** Opening Working data block **
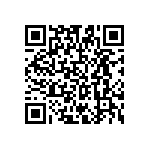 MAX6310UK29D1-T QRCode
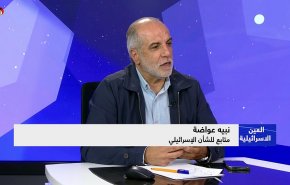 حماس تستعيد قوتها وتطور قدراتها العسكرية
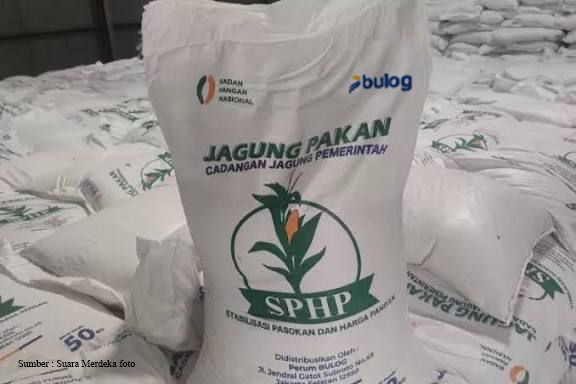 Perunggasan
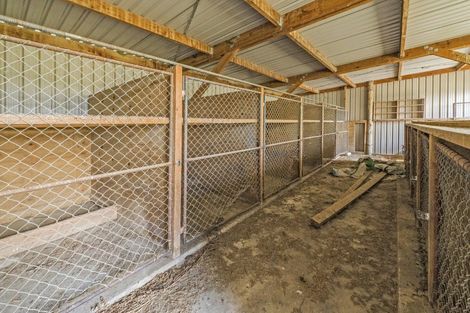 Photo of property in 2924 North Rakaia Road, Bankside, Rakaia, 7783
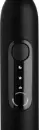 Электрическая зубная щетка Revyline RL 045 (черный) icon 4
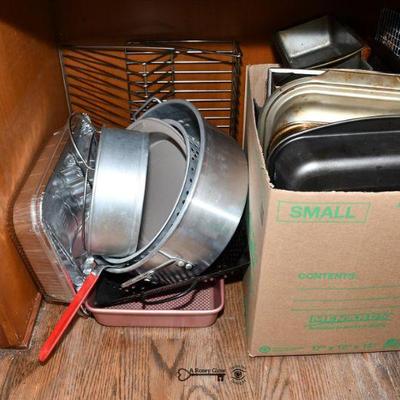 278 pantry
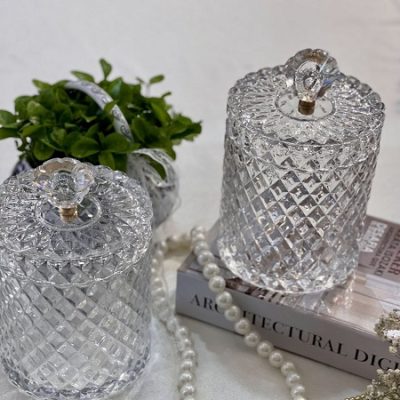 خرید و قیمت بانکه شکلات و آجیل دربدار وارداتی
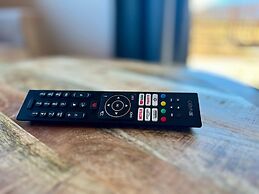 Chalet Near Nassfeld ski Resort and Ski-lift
** Closing Working data block **
> [What this task involves] Your task is to return every entry exactly as it was written, with the pictures removed.

> [Response to the task]
 MAX6310UK29D1-T QRCode
 حماس تستعيد قوتها وتطور قدراتها العسكرية
 Perunggasan
 Photo of property in 2924 North Rakaia Road, Bankside, Rakaia, 7783
 Электрическая зубная щетка Revyline RL 045 (черный) icon 4
 278 pantry
 خرید و قیمت بانکه شکلات و آجیل دربدار وارداتی
 Chalet Near Nassfeld ski Resort and Ski-lift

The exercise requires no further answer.